The anticipation is always intense when I send off my colour work and during the week long wait, I begin editing the unseen images in my head, thinking about books, exhibitions, changing the world. You can imagine the downer then when I actually see them and they aren't anything like I imagined. This rollercoaster of emotions is becoming a little too much, perhaps even having an affect on my mental health. I haven't made a single picture I've been happy with for over a year and I can't stop beating myself up about it. Has anyone else had such a long span of fruitless results? I'm incredibly hard on myself with photography, but it's getting a bit silly. I've forgotten how to just enjoy it, it's like my life depends on every image I make.

Am I losing my mind?

NO, I don't think you are losing your mind. But I do think you are not quite in touch with reality.... Even a well known pros, I mean world renown pros, often say if they made ONE great image per year, they did well. So what's the chance for common folks like you and I doing better than that? It's normal and quite natural to be quite excited about the last shooting and do some "mental exercise" about what you might do with the great image. But, if you are really having that much of anxiety attack over it, it's not healthy. If you are dreaming about great sales, exhibitions, and so on, for every single roll, you need to set your expectation for yourself right.
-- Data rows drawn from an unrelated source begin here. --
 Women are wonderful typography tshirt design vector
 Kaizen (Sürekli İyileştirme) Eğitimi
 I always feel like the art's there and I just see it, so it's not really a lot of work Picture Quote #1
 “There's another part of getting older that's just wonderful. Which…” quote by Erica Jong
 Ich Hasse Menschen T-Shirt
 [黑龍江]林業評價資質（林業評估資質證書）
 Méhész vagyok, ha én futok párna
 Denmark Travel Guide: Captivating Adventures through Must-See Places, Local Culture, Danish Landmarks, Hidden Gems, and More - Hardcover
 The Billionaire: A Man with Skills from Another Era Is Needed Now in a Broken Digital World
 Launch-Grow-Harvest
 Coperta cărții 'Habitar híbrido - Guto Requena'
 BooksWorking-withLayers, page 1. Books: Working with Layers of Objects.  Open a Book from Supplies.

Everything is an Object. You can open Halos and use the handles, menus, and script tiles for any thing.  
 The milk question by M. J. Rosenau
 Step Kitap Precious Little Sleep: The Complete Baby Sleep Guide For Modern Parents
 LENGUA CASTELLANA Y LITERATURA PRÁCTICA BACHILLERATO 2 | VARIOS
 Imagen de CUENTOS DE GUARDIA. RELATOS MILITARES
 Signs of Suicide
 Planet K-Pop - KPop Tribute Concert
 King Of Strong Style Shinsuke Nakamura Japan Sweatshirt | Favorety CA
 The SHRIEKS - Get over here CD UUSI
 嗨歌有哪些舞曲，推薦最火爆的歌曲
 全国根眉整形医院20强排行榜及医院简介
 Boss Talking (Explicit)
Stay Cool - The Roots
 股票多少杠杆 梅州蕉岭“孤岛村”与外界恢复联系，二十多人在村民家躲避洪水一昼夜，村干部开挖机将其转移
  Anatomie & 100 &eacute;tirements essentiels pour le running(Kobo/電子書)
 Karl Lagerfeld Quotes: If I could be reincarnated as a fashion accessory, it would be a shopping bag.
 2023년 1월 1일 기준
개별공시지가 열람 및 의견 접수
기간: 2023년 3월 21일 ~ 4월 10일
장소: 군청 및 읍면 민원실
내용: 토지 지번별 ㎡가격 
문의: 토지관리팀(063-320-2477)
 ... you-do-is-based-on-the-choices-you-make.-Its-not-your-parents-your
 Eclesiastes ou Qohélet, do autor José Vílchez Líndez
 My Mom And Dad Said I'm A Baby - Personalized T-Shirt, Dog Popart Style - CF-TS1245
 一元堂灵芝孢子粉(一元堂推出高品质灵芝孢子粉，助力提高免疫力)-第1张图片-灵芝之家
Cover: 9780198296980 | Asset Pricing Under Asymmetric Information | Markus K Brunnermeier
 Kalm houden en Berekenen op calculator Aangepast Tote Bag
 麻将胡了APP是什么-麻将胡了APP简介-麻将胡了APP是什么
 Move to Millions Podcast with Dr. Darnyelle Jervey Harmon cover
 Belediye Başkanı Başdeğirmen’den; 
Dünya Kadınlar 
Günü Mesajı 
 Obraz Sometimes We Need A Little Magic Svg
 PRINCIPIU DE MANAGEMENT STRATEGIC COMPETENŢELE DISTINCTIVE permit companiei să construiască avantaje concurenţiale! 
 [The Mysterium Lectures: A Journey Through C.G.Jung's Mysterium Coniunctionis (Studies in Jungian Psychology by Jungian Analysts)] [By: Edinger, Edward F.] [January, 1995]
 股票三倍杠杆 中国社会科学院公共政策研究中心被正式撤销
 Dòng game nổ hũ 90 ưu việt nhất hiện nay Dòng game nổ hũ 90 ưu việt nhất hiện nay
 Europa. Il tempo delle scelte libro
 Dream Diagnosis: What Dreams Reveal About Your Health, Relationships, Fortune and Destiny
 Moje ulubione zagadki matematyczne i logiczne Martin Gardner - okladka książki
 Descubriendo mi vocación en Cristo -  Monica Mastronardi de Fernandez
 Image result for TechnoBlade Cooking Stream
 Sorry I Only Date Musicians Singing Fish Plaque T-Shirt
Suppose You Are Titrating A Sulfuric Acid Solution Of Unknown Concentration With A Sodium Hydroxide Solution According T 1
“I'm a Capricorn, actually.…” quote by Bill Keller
To me, every "terrible result" is a appointment but also a chance to really evaluate what I did wrong and formulate a plan for the next time. So it's always a mixture of positive and negative. Even great image has something to improve upon. So, I never have a fruitless result.

Do I have long stretch of no keepers? Yes. I'm in one right now.

I wish you learn to relax more. If it's too much for you, set down your camera for a while and do something else.